Given data:
/---

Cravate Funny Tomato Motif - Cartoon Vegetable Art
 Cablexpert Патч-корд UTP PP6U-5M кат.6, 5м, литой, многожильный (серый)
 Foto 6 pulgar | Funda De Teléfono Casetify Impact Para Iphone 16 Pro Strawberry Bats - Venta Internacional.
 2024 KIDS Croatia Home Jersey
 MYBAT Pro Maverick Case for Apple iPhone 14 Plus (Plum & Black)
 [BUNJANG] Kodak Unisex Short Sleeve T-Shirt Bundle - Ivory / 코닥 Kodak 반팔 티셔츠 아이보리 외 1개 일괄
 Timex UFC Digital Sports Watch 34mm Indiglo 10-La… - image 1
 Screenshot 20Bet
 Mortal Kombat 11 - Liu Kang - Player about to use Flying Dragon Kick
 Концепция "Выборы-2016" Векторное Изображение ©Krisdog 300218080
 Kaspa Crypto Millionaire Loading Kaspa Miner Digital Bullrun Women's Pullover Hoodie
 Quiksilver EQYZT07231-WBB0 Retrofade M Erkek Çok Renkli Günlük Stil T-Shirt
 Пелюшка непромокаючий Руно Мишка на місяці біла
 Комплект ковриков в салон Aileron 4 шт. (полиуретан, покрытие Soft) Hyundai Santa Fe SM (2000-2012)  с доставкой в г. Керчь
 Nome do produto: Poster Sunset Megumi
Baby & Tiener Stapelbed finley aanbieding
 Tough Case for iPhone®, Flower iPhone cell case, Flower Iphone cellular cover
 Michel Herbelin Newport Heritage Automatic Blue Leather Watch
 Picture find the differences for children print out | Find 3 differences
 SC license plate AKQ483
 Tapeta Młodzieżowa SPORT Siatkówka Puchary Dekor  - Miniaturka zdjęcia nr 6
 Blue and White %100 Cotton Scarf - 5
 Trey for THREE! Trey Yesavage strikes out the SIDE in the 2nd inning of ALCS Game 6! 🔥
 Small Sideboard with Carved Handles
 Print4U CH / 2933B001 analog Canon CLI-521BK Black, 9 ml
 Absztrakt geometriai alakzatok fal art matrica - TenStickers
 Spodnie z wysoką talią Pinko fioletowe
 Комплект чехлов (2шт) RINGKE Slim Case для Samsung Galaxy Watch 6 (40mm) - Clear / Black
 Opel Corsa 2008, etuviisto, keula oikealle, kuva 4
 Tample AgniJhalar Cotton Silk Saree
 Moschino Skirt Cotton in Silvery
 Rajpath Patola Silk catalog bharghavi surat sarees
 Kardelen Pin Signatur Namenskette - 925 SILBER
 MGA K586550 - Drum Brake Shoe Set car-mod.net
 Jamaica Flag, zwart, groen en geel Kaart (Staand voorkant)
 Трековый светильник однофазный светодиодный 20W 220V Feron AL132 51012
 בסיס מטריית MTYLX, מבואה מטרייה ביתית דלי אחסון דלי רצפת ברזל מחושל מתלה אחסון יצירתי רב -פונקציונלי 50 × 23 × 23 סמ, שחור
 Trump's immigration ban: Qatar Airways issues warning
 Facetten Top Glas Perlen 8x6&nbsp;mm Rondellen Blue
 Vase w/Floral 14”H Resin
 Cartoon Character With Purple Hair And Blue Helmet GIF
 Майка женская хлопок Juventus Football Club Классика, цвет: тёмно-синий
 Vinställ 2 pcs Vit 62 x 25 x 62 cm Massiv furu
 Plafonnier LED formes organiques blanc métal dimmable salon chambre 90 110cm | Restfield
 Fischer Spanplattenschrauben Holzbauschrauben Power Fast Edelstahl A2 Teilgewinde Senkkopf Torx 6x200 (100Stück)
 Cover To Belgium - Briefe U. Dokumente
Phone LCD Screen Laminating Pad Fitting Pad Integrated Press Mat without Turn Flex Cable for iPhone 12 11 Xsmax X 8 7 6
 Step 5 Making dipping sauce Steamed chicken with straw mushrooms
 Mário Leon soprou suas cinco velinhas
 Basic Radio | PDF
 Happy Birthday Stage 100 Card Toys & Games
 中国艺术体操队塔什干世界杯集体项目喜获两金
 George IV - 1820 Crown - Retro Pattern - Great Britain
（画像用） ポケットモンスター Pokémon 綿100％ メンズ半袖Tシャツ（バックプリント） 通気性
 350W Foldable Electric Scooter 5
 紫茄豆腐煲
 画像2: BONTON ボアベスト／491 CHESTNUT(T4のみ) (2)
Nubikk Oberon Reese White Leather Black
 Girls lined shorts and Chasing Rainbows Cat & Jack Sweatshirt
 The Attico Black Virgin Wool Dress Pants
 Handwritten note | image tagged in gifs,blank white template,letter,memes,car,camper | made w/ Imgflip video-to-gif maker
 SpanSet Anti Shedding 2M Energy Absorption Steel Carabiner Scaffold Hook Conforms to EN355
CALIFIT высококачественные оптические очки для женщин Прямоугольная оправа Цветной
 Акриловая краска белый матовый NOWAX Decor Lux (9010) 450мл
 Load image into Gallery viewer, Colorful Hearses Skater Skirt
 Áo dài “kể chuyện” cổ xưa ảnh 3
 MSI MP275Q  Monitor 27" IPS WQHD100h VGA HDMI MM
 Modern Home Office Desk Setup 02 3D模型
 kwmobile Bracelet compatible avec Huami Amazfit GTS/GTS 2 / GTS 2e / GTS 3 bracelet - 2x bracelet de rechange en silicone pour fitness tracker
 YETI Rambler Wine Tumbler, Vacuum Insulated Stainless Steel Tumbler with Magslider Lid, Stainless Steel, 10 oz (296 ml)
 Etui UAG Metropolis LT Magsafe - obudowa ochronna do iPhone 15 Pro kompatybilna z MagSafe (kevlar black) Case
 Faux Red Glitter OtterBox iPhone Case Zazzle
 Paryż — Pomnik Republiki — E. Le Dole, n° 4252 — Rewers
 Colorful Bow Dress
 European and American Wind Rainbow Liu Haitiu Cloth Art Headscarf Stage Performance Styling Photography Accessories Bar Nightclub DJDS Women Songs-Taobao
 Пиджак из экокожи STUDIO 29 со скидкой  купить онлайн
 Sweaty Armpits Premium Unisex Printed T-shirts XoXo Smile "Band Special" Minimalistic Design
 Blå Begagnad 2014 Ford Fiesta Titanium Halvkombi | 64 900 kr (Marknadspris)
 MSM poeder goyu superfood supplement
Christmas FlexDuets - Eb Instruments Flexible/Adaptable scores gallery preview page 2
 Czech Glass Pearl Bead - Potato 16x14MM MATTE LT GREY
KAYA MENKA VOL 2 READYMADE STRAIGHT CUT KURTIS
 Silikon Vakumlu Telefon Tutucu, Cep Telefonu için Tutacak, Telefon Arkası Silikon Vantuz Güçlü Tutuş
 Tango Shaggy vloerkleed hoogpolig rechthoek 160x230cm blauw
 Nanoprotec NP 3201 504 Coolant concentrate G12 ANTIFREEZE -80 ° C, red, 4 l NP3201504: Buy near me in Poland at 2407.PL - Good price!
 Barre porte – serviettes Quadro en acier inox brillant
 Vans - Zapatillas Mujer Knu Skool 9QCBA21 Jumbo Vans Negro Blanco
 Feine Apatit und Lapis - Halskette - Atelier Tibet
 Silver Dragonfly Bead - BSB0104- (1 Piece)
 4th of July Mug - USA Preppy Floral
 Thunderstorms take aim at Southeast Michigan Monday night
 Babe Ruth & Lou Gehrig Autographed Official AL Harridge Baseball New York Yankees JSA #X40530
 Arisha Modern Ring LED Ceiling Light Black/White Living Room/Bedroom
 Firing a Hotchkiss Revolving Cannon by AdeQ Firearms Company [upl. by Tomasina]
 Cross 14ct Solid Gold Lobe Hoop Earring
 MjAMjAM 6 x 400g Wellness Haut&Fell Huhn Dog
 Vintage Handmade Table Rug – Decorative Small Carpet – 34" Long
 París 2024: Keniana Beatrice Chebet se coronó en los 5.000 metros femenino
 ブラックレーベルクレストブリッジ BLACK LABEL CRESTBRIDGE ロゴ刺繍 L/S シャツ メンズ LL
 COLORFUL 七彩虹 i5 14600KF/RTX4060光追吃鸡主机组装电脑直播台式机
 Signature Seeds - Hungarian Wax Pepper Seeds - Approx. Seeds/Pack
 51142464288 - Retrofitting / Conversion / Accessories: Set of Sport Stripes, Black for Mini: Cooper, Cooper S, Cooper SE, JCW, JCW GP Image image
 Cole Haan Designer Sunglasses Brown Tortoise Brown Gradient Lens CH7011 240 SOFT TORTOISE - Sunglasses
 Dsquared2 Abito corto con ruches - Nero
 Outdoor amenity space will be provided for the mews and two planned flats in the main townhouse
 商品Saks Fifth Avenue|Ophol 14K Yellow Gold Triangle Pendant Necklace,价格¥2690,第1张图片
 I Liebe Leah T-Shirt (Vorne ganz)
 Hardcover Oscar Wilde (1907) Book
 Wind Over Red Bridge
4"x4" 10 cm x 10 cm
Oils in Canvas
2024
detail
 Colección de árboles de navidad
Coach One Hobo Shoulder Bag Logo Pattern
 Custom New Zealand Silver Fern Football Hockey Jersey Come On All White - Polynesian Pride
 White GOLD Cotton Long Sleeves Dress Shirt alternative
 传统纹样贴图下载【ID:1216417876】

\---

Task brief: Select the lines in this material that hold the word "Stage", leaving none out.

Response:
 Happy Birthday Stage 100 Card Toys & Games
 European and American Wind Rainbow Liu Haitiu Cloth Art Headscarf Stage Performance Styling Photography Accessories Bar Nightclub DJDS Women Songs-Taobao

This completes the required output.